L’auteur de l’étude analyse cette nouveauté au regard de la distinction entre l’achèvement, c’est-à-dire l’exécution complète et entière de l’ouvrage, de l’aptitude à la destination. Elle l’approuve en considération de l’indifférence de l’achèvement pour procéder à la réception.

Néanmoins une critique se découvre sous un autre texte, l’article 1772 de l’avant-projet, qui précède la paragraphe 2 sur la réception de l’ouvrage et prévoit dans son alinéa premier qu’ « une fois l’ouvrage achevé, l’entrepreneur est tenu de le présenter à la réception au client » et dans son second alinéa que « la présentation de l’ouvrage achevé au client oblige celui-ci à le réceptionner. ».

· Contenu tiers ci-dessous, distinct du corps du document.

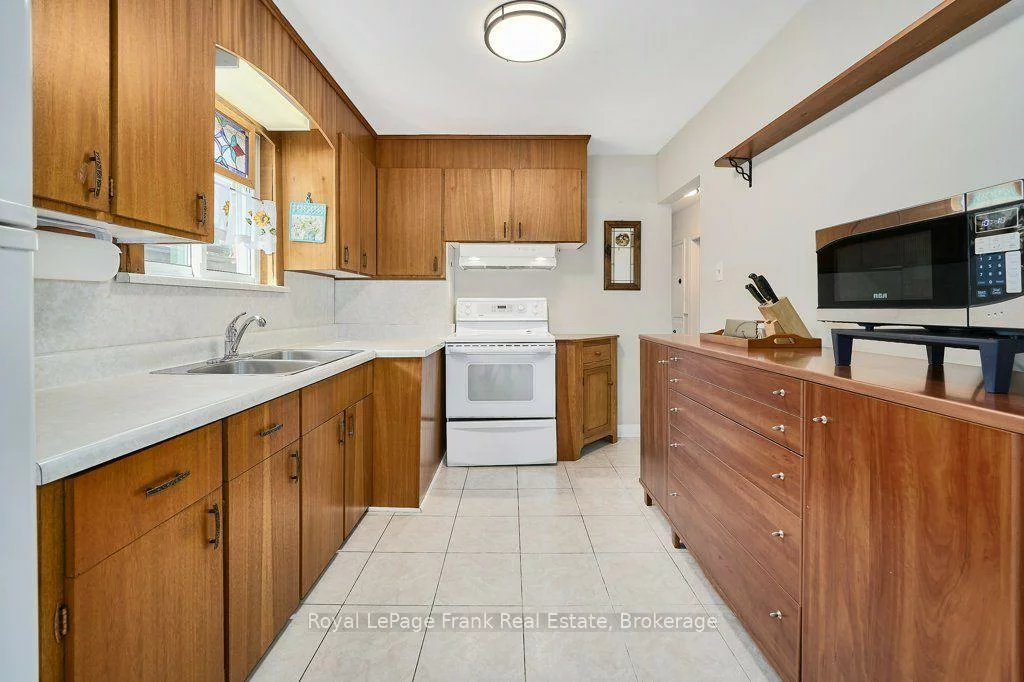 55, Leahann, Dorset Park, Toronto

Bien que ce texte organise le contradictoire entre les parties au stade de la réception, il instaure une obligation supplémentaire à la charge de l’entrepreneur lorsque celui-ci a bien exécuté ses obligations alors même que l’inachèvement ne lui impose pas cette obligation.

Aussi la présentation de l’ouvrage achevé au client l’obligeant à le réceptionner établit un lien entre l’achèvement et la réception alors même, remarque l’auteur, que la Commission avait souhaité rompre ce lien en retenant, justement, le critère de l’aptitude de l’ouvrage à sa destination comme critère de la réception judiciaire.

La mise en perspective de ce texte avec la réception judiciaire donne ainsi un sentiment d’incohérence, avec d’un côté le critère de l’aptitude de l’ouvrage à sa destination comme critère de la réception judiciaire, obligatoire, et de l’autre, prévoir que la réception est obligatoire lorsque l’ouvrage est achevé et présenté.

La cohérence pourrait être retrouvée selon l’auteur si l’achèvement non définie par l’article 1772 de l’avant-projet correspond à l’aptitude à la destination mais, dans ce cas, il aurait fallu utiliser les mêmes termes.

Surtout, remarque-t-elle, le risque d’utiliser ces deux notions est de créer, justement un lien entre elles alors même et de faire apparaître la réception comme une obligation alors qu’elle n’est obligatoire – ce qui est différent d’une obligation – uniquement dans le cadre de la réception judiciaire – non lorsque l’ouvrage est achevé, mais lorsqu’il est utilisable à sa destination.

L’auteur préconise ainsi la modification, voire même la suppression de ce second alinéa.